Records START

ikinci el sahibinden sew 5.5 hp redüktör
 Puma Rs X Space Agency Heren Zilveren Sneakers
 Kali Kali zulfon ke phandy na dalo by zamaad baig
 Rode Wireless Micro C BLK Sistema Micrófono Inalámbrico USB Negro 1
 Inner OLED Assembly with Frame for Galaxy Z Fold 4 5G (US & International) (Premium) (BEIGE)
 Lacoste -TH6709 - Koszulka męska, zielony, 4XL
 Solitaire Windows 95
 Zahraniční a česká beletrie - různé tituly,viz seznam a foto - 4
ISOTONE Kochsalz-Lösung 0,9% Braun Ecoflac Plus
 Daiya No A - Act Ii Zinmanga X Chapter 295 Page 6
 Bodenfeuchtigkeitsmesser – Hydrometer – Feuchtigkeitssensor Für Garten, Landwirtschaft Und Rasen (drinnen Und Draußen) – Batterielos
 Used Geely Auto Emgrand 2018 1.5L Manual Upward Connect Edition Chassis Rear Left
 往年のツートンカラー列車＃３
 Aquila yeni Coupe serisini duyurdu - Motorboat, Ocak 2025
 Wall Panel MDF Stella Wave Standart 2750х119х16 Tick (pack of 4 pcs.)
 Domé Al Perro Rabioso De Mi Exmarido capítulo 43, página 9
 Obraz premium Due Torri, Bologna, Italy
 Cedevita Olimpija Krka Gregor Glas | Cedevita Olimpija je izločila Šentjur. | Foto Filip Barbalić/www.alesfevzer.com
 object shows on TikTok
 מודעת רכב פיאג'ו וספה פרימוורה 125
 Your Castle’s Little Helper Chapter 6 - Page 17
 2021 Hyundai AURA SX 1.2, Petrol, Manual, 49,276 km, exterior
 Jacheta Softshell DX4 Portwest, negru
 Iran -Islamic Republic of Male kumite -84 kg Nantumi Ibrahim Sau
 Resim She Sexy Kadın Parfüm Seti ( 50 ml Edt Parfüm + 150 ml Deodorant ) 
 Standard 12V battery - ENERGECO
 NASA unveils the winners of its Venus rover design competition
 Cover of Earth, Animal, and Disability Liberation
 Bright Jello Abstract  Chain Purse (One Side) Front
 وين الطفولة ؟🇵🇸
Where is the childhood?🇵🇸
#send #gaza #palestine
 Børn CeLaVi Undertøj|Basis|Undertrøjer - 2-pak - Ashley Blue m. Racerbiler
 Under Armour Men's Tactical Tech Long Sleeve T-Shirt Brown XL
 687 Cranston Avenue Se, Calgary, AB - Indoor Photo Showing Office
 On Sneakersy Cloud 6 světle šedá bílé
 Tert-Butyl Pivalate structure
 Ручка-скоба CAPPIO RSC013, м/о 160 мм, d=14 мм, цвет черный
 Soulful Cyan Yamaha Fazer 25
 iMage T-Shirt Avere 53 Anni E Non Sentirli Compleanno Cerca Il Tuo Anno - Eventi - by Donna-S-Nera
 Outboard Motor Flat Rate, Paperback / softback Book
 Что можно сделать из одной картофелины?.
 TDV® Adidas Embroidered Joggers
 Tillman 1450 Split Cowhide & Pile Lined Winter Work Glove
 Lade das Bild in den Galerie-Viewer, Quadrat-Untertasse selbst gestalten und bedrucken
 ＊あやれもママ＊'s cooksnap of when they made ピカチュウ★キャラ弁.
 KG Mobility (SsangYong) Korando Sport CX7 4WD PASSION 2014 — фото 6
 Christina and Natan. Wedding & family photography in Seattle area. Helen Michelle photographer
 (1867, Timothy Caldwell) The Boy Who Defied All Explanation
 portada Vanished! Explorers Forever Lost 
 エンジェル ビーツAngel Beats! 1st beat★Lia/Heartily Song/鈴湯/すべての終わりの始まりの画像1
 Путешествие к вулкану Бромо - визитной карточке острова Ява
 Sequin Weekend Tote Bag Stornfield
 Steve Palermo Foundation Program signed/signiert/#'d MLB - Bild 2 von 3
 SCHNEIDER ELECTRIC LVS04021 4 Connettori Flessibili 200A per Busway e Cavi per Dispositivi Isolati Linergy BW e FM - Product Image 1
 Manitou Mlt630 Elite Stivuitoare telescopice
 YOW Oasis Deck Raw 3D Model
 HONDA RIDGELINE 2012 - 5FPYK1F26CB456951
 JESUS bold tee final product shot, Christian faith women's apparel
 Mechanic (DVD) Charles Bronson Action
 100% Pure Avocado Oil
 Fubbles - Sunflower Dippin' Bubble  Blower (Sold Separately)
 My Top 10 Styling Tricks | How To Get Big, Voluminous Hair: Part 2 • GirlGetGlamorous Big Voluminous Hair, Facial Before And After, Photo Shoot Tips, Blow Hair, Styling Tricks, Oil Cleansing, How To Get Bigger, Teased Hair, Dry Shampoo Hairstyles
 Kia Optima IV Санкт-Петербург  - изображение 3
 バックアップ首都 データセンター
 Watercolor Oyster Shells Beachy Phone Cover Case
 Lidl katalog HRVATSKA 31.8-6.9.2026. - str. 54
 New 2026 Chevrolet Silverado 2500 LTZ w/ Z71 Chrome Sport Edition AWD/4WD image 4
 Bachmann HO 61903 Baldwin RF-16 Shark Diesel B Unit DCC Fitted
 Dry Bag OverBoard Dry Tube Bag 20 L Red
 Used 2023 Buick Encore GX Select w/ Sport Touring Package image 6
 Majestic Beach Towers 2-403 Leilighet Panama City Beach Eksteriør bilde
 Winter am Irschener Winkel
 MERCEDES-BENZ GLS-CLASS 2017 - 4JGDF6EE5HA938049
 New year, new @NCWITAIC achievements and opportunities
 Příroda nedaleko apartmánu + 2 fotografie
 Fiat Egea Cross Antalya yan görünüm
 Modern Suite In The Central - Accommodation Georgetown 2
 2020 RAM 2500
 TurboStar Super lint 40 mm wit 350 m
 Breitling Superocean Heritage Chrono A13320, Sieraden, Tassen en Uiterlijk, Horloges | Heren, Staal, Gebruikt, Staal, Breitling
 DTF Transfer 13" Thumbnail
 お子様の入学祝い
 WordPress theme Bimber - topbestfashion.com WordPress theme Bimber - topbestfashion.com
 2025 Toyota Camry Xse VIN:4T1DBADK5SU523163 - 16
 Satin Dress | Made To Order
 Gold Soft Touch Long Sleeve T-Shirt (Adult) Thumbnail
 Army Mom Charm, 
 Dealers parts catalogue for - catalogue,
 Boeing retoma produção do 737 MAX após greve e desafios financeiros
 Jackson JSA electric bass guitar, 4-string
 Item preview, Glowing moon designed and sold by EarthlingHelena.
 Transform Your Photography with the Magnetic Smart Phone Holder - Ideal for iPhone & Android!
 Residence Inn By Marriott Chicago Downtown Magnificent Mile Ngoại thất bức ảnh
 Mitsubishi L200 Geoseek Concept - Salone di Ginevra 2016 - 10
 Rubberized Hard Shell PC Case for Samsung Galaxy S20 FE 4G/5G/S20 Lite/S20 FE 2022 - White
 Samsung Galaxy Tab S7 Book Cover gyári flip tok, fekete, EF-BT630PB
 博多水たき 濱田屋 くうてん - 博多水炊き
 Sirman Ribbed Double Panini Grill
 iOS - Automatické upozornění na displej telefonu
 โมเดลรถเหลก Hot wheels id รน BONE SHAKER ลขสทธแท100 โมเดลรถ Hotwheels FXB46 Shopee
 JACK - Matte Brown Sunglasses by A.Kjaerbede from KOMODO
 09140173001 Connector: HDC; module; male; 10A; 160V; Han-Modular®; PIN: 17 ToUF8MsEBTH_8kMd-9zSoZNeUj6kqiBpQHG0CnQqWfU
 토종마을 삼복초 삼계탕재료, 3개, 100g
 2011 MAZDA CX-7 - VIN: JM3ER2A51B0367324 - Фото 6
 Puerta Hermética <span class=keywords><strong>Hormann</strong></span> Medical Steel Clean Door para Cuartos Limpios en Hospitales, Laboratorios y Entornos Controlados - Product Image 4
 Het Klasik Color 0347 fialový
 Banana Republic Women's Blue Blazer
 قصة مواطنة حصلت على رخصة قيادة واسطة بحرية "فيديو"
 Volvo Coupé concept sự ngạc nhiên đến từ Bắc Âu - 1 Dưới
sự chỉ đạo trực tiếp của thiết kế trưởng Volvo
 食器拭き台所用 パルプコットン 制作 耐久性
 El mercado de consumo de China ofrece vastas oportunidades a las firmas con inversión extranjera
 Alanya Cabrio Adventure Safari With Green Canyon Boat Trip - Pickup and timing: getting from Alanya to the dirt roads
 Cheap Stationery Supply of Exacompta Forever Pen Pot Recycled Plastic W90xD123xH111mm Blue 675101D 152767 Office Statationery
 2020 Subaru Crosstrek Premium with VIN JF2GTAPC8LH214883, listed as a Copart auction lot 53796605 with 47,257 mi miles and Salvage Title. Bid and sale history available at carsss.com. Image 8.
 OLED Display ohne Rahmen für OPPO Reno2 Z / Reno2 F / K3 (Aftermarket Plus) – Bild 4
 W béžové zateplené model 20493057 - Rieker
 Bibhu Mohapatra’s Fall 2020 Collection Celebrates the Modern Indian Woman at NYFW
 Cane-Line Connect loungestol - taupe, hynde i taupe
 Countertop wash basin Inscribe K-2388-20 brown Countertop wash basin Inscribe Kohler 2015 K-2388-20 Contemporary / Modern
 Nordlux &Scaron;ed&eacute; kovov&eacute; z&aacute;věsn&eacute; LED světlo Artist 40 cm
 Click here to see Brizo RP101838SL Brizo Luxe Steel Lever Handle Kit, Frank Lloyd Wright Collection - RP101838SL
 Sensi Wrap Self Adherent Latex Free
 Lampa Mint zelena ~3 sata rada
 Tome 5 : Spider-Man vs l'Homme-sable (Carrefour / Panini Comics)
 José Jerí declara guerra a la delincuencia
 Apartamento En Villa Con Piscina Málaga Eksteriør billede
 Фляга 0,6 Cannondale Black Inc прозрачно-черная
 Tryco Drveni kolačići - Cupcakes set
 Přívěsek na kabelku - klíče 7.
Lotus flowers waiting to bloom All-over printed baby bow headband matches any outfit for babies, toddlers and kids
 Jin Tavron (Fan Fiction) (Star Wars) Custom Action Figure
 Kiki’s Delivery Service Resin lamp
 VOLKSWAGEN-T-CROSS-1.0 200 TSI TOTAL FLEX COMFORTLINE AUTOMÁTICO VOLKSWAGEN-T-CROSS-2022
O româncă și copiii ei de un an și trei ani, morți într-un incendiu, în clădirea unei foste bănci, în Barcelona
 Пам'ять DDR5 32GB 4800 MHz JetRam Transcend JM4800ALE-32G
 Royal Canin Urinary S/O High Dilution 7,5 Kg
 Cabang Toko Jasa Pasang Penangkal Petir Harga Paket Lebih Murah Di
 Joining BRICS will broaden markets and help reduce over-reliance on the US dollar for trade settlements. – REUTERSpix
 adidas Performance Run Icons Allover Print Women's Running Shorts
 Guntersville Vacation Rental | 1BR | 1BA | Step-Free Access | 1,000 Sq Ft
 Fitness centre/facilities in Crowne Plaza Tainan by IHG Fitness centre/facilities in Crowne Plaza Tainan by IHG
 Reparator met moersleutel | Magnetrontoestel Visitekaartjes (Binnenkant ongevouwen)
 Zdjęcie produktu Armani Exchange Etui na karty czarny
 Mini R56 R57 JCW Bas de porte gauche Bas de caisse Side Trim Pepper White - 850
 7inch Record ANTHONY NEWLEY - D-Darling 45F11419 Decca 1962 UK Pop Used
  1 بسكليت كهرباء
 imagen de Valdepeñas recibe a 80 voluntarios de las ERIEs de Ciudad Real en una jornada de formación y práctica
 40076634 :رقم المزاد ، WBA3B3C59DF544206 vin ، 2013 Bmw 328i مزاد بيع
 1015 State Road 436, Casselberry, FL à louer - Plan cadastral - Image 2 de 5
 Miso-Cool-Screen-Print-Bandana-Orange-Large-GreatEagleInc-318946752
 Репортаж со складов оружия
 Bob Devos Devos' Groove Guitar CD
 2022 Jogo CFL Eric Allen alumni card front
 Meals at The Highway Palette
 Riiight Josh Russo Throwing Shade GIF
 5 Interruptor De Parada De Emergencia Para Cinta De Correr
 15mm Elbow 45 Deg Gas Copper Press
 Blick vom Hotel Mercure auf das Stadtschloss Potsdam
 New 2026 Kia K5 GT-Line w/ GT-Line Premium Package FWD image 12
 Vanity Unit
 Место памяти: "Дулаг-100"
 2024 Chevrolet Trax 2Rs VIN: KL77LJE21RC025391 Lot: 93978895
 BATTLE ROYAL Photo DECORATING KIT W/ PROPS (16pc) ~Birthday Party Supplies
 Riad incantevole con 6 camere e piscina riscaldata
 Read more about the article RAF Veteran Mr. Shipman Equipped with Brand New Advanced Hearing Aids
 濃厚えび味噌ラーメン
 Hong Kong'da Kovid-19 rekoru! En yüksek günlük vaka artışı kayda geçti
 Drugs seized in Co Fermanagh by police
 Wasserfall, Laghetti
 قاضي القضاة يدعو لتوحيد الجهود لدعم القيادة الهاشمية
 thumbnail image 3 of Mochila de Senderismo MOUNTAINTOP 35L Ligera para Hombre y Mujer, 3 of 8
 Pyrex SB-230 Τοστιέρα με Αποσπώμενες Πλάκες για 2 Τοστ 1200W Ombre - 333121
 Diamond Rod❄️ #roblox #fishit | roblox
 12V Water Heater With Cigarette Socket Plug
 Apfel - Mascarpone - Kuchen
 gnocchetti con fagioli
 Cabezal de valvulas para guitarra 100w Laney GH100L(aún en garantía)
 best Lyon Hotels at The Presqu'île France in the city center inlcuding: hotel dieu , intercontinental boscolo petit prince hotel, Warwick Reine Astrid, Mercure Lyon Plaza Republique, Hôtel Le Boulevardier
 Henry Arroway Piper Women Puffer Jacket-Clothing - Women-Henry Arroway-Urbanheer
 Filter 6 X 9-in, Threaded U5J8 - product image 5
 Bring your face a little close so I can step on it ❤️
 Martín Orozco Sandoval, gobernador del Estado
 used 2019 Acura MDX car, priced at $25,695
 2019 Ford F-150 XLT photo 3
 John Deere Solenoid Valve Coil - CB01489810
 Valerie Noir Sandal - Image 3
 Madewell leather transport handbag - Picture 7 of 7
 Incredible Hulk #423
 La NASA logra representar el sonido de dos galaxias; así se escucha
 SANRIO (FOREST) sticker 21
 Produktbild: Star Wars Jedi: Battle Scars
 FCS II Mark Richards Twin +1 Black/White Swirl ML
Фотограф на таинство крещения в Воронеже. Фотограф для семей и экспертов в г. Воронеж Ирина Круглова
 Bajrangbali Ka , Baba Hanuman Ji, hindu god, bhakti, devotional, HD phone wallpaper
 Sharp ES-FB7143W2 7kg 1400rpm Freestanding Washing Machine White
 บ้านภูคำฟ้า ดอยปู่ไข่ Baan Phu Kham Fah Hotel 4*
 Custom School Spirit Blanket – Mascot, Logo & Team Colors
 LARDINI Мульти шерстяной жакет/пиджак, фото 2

Records END

**About this task:**
Among the records above, repeat exactly the line with "食器拭き台所用 パルプコットン 制作 耐久性", the line with "Přívěsek na kabelku - klíče 7.", and every line in between, and only those.

**Solution for this exercise:**
 食器拭き台所用 パルプコットン 制作 耐久性
 El mercado de consumo de China ofrece vastas oportunidades a las firmas con inversión extranjera
 Alanya Cabrio Adventure Safari With Green Canyon Boat Trip - Pickup and timing: getting from Alanya to the dirt roads
 Cheap Stationery Supply of Exacompta Forever Pen Pot Recycled Plastic W90xD123xH111mm Blue 675101D 152767 Office Statationery
 2020 Subaru Crosstrek Premium with VIN JF2GTAPC8LH214883, listed as a Copart auction lot 53796605 with 47,257 mi miles and Salvage Title. Bid and sale history available at carsss.com. Image 8.
 OLED Display ohne Rahmen für OPPO Reno2 Z / Reno2 F / K3 (Aftermarket Plus) – Bild 4
 W béžové zateplené model 20493057 - Rieker
 Bibhu Mohapatra’s Fall 2020 Collection Celebrates the Modern Indian Woman at NYFW
 Cane-Line Connect loungestol - taupe, hynde i taupe
 Countertop wash basin Inscribe K-2388-20 brown Countertop wash basin Inscribe Kohler 2015 K-2388-20 Contemporary / Modern
 Nordlux &Scaron;ed&eacute; kovov&eacute; z&aacute;věsn&eacute; LED světlo Artist 40 cm
 Click here to see Brizo RP101838SL Brizo Luxe Steel Lever Handle Kit, Frank Lloyd Wright Collection - RP101838SL
 Sensi Wrap Self Adherent Latex Free
 Lampa Mint zelena ~3 sata rada
 Tome 5 : Spider-Man vs l'Homme-sable (Carrefour / Panini Comics)
 José Jerí declara guerra a la delincuencia
 Apartamento En Villa Con Piscina Málaga Eksteriør billede
 Фляга 0,6 Cannondale Black Inc прозрачно-черная
 Tryco Drveni kolačići - Cupcakes set
 Přívěsek na kabelku - klíče 7.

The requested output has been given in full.